Friday, 7 April 2017

Preparing for the Change to ICD-10

The ICD-9-CM will be replaced by the updated ICD-10 in late 2014. In order to comply with this change, healthcare providers, insurance companies, and clearinghouses must all be prepared to fully adopt ICD-10-CM by October 1, 2014. All claims filed with ICD-9-CM after that date will be rejected as non-compliant. Procedures arranged or completed before that date may still be filed with ICD-9-CM.

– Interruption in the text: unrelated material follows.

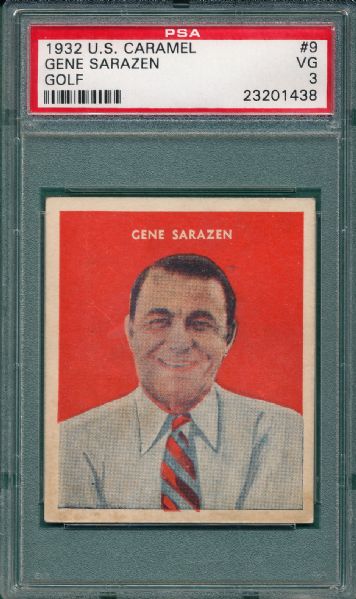 1932 US Caramel #9 Gene Sarazen PSA 3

This switch is happening for a variety of reasons. For one, the ICD-9-CM is out of room. ICD-9-CM is set up so every category can only have 10 subcategories. As it currently stands, the ICD-9-CM can only classify around 13,600 diagnoses, compared to ICD-10-CM’s estimate of 69,000. As diagnoses continue to expand, the system can no longer support the breadth of medical study. The ICD-10 is also better suited for modern technological advances in the field, allowing for more optimized analysis of disease patterns and treatment outcomes.

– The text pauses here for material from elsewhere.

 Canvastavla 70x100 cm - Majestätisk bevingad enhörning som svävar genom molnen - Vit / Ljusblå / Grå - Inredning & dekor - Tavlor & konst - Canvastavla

There are similarities between the two code sets. The conventions and guidelines for assignment codes are largely the same, as is the organization of both sets. For instance, the first chapter, or category cluster, in both ICD-9-CM and ICD-10 is “Certain infectious and parasitic diseases,” so any professional qualified to manage ICD-9-CM should not have a problem with ICD-10. However, there are also key differences between the ICD-9-CM and ICD-10 systems, requiring a conversion on the part of the medical coder.
The composition of codes in the ICD-9-CM is primarily numeric, with limited alphanumeric additions, as discussed above. Valid ICD-9-CM codes are three, four, or five digits. In ICD-10-CM, all codes are alphanumeric and may be anywhere from three to seven digits, depending on the need for specificity. For instance, in ICD-9-CM, the cluster for “Certain infectious and parasitic diseases” is 001-139. In ICD-10 that same cluster would be labeled A00-B99.

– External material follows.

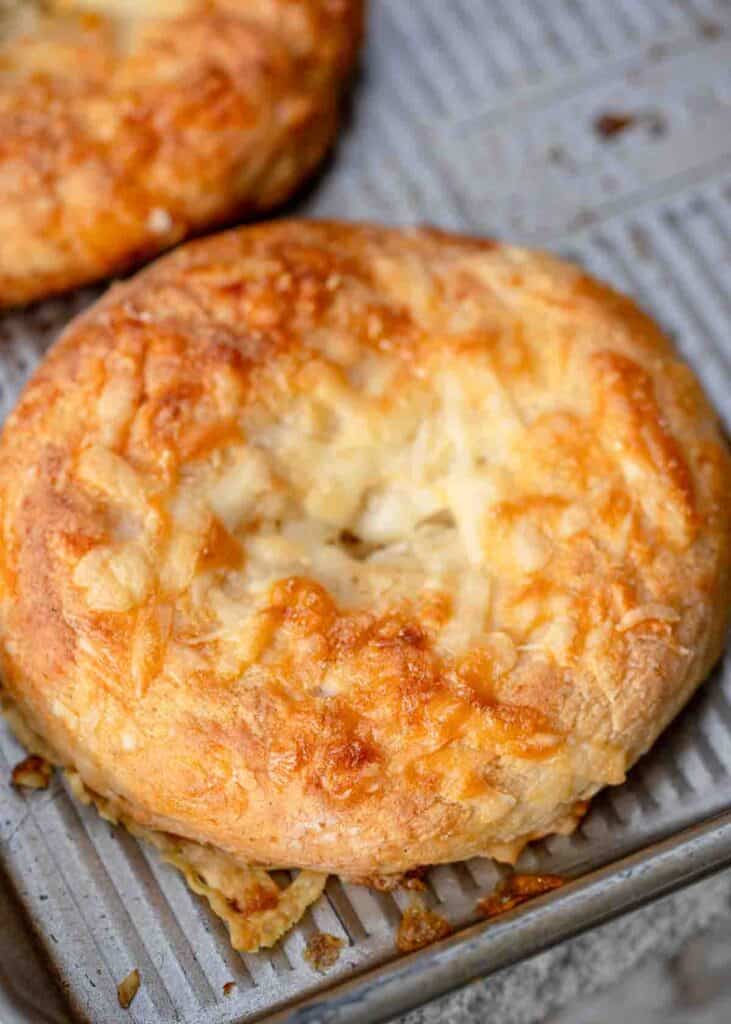 a baked asiago high protein bagel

Here is a broader example of the tabular breakdowns in ICD-9-CM and ICD-10:
  • Certain infectious and parasitic diseases (001-139)
    • Intestinal infectious diseases (001-009)
      • Cholera (001)
        • Cholera due to vibrio cholerae (001.0)
        • Cholera due to vibrio cholerae eltor (001.1)
        • Unspecified (001.9)
  • Certain infectious and parasitic diseases (A00-B99)
    • Bacterial infections, other intestinal infectious diseases, and STDs (A00-A79)
      • Intestinal infectious diseases (A00-A09)
        • Cholera (A00)
          • Cholera due to vibrio cholerae (A00.0)
          • Cholera due to vibrio cholerae eltor (A00.1)
          • Unspecified (A00.9)
As you can see, the two code sets are largely similar, but with key differences. The alphanumeric numbering system of ICD-10 follows the same tabular tree as the numeric system in ICD-9-CM, adding a new subcategory within the A00-A79 cluster. As medical coders prepare for the shift, plenty of resources will be made available to translate ICD-9-CM into ICD-10.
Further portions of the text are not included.